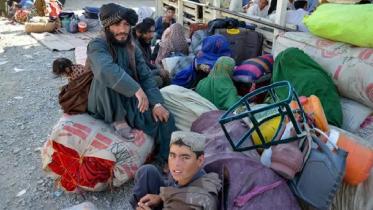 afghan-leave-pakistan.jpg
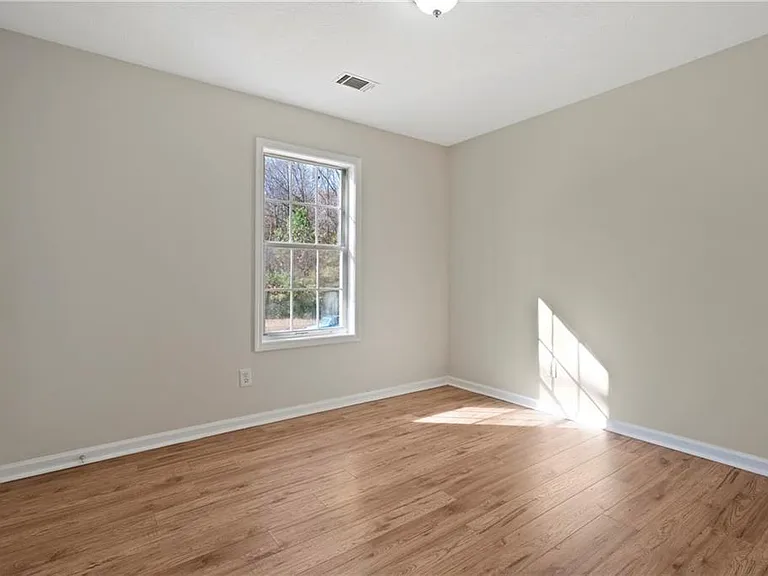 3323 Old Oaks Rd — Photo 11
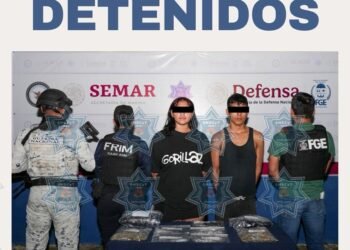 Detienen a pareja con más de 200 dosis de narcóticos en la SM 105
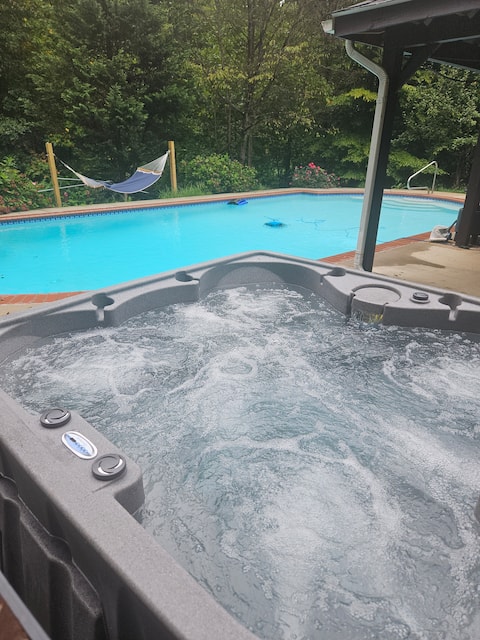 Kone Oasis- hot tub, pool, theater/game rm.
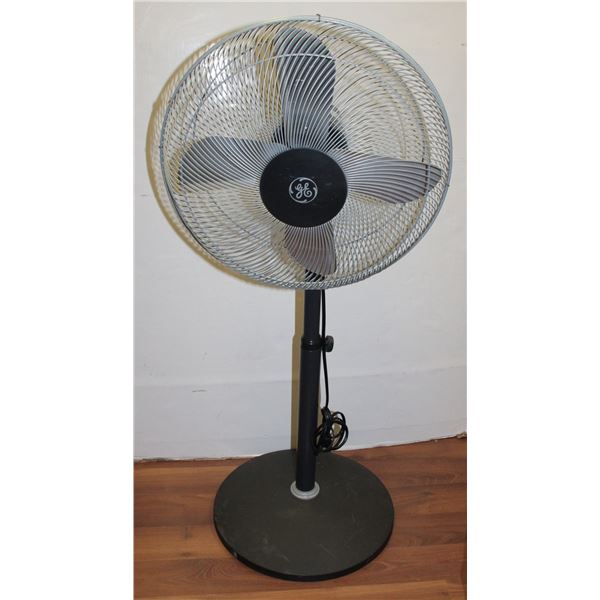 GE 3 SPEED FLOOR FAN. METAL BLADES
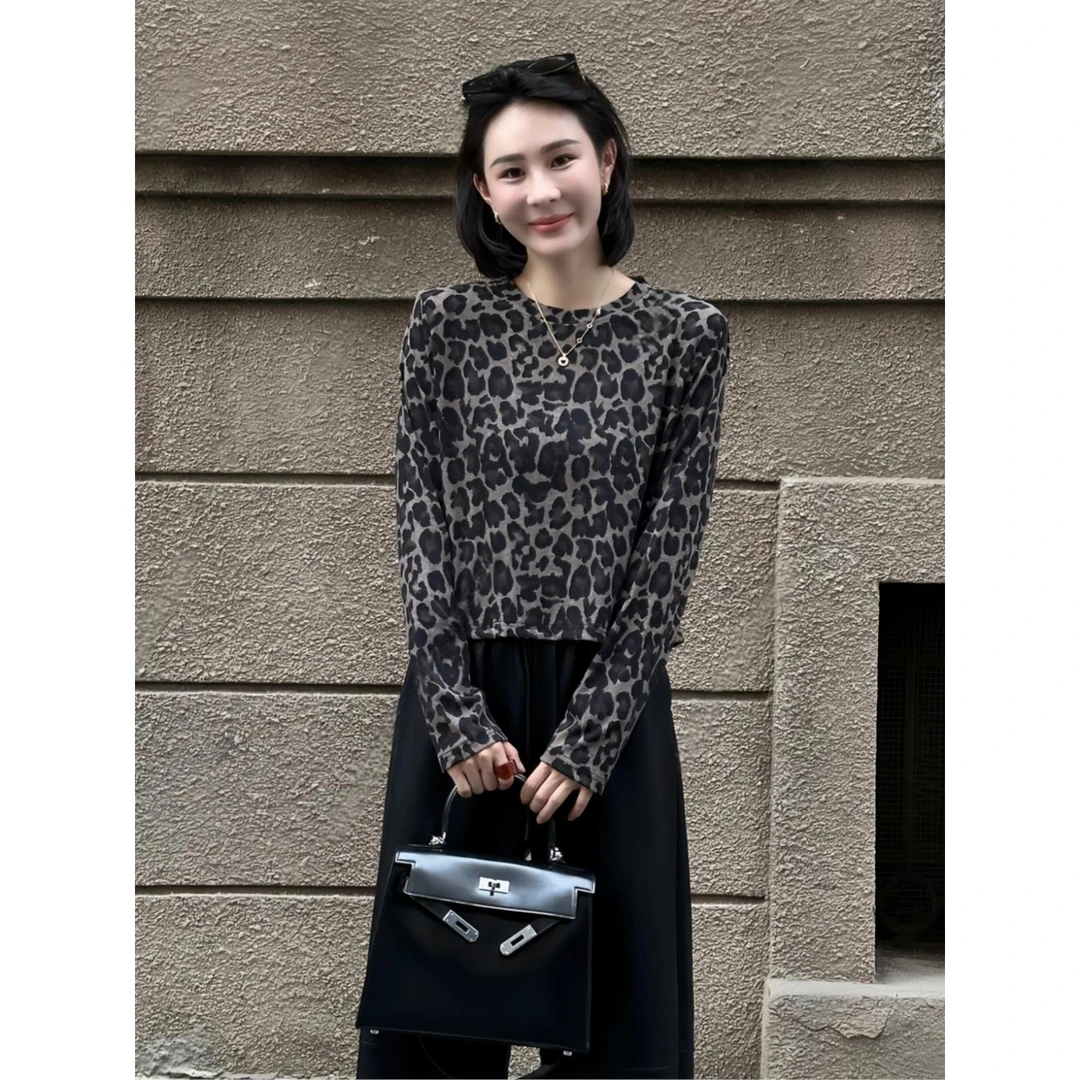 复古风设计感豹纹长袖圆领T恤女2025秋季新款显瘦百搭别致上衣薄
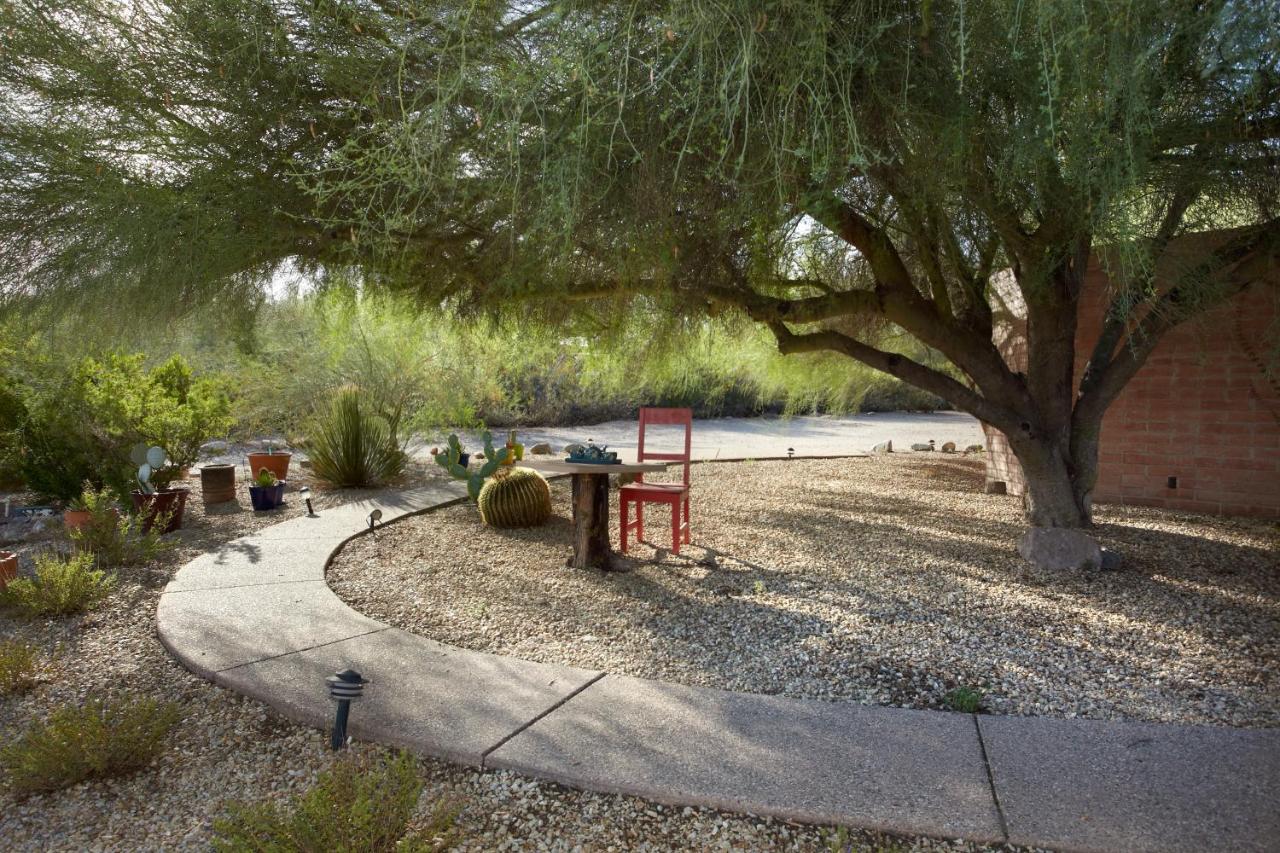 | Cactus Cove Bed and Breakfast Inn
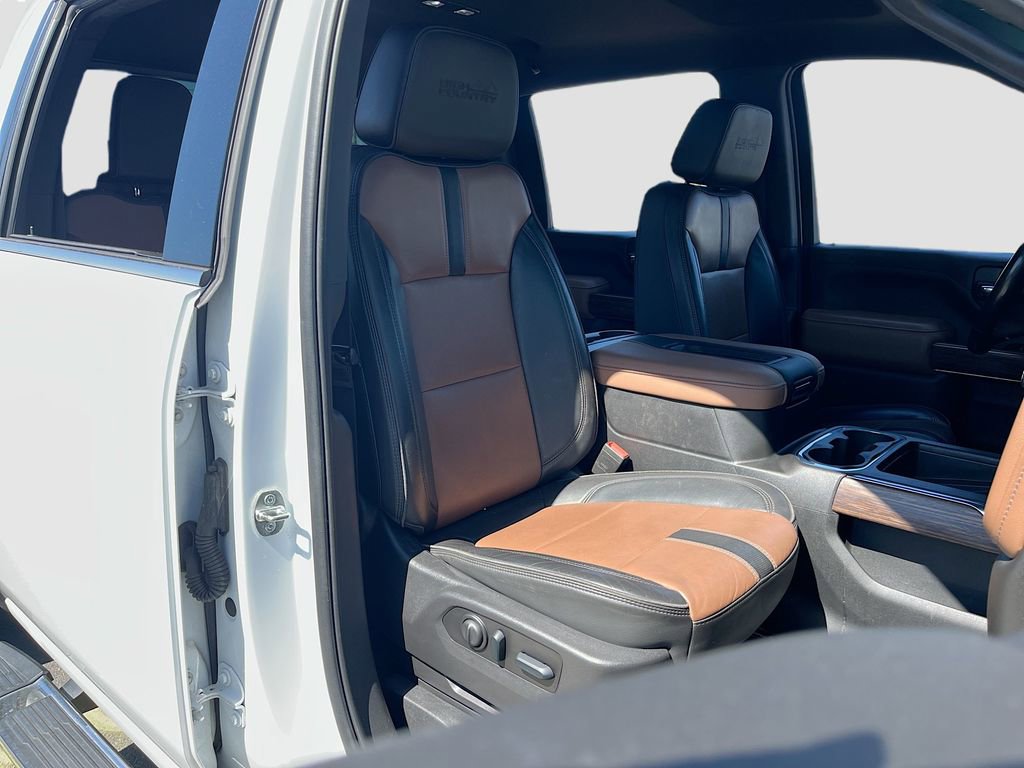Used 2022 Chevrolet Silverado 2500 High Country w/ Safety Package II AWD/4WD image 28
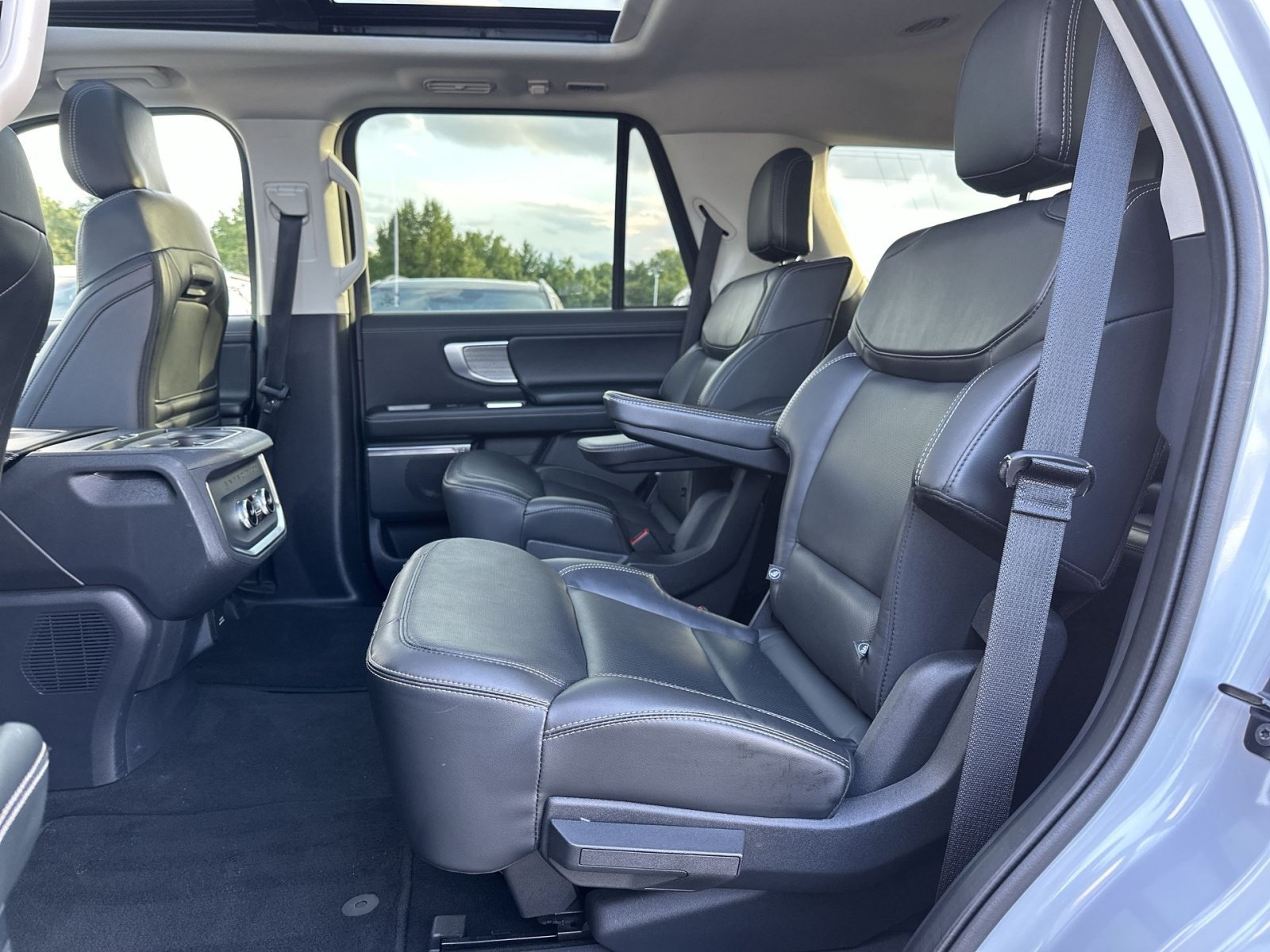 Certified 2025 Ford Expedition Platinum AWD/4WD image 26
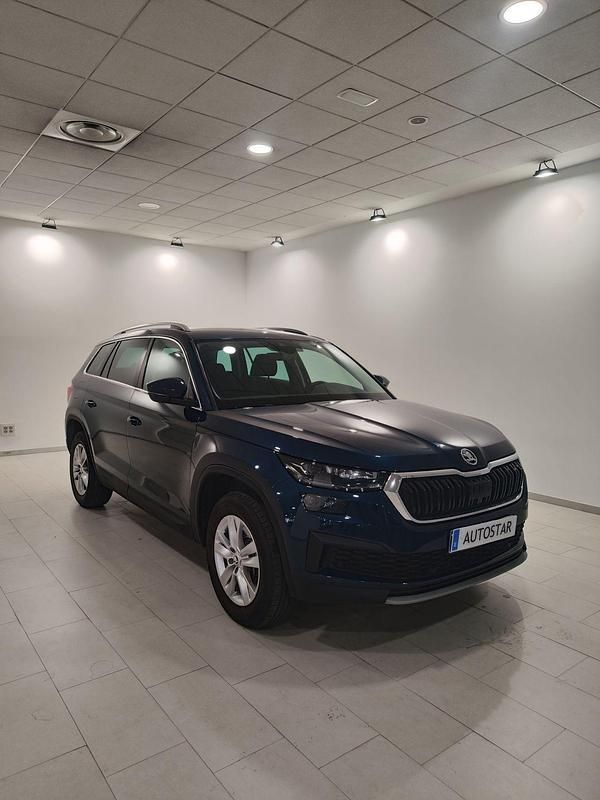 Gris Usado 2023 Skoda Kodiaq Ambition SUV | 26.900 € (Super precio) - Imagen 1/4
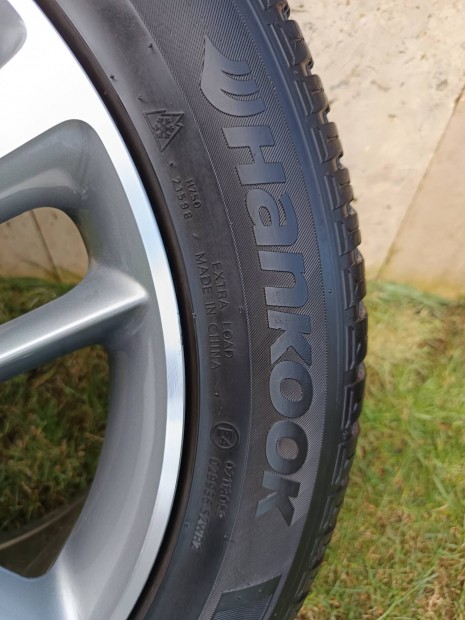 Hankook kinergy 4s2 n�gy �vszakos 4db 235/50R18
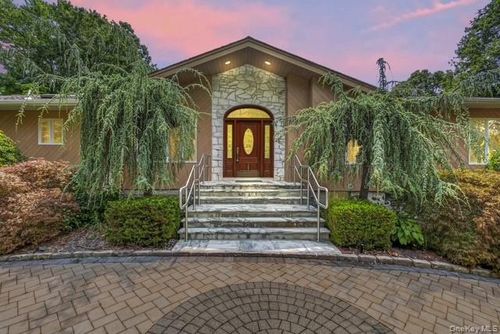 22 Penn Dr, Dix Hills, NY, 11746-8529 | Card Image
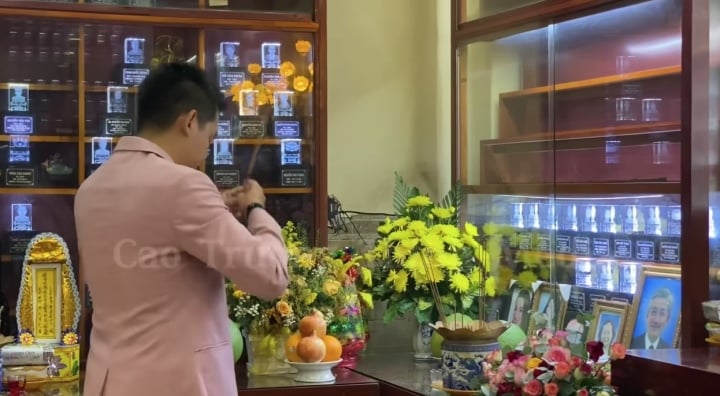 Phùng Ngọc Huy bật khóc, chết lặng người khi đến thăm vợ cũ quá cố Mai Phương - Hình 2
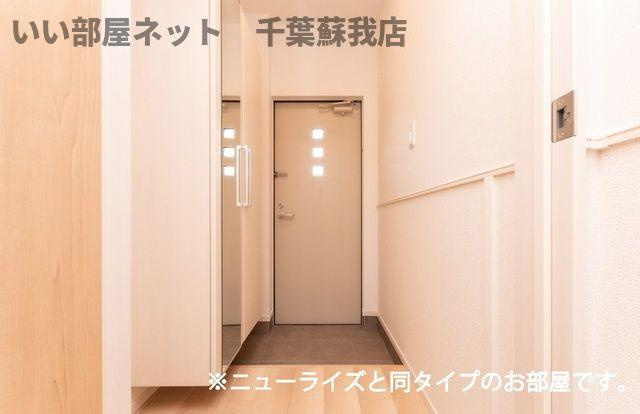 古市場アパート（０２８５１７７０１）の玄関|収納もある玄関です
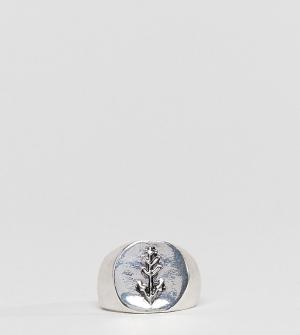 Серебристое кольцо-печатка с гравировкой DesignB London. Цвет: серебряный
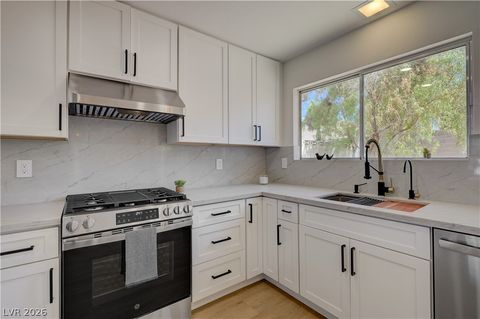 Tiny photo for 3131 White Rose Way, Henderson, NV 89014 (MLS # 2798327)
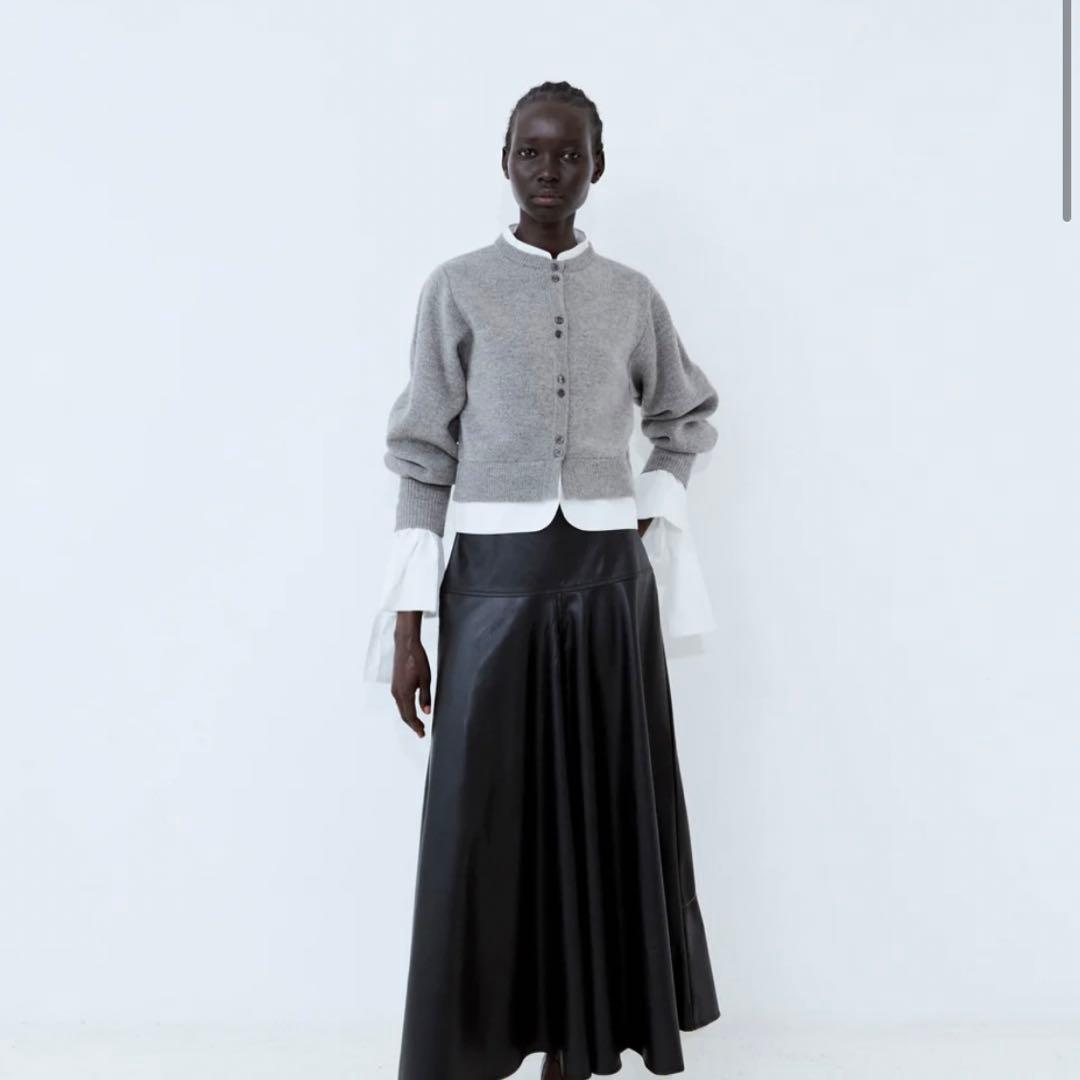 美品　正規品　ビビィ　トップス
○ ○ ○ ○
Leave the pictures aside. Set down exactly the lines from the one with "复古风设计感豹纹长袖圆领T恤女2025秋季新款显瘦百搭别致上衣薄" through the final line of the listing above.

Response to this exercise:
 复古风设计感豹纹长袖圆领T恤女2025秋季新款显瘦百搭别致上衣薄
 | Cactus Cove Bed and Breakfast Inn
Used 2022 Chevrolet Silverado 2500 High Country w/ Safety Package II AWD/4WD image 28
 Certified 2025 Ford Expedition Platinum AWD/4WD image 26
 Gris Usado 2023 Skoda Kodiaq Ambition SUV | 26.900 € (Super precio) - Imagen 1/4
 Hankook kinergy 4s2 n�gy �vszakos 4db 235/50R18
 22 Penn Dr, Dix Hills, NY, 11746-8529 | Card Image
 Phùng Ngọc Huy bật khóc, chết lặng người khi đến thăm vợ cũ quá cố Mai Phương - Hình 2
 古市場アパート（０２８５１７７０１）の玄関|収納もある玄関です
 Серебристое кольцо-печатка с гравировкой DesignB London. Цвет: серебряный
 Tiny photo for 3131 White Rose Way, Henderson, NV 89014 (MLS # 2798327)
 美品　正規品　ビビィ　トップス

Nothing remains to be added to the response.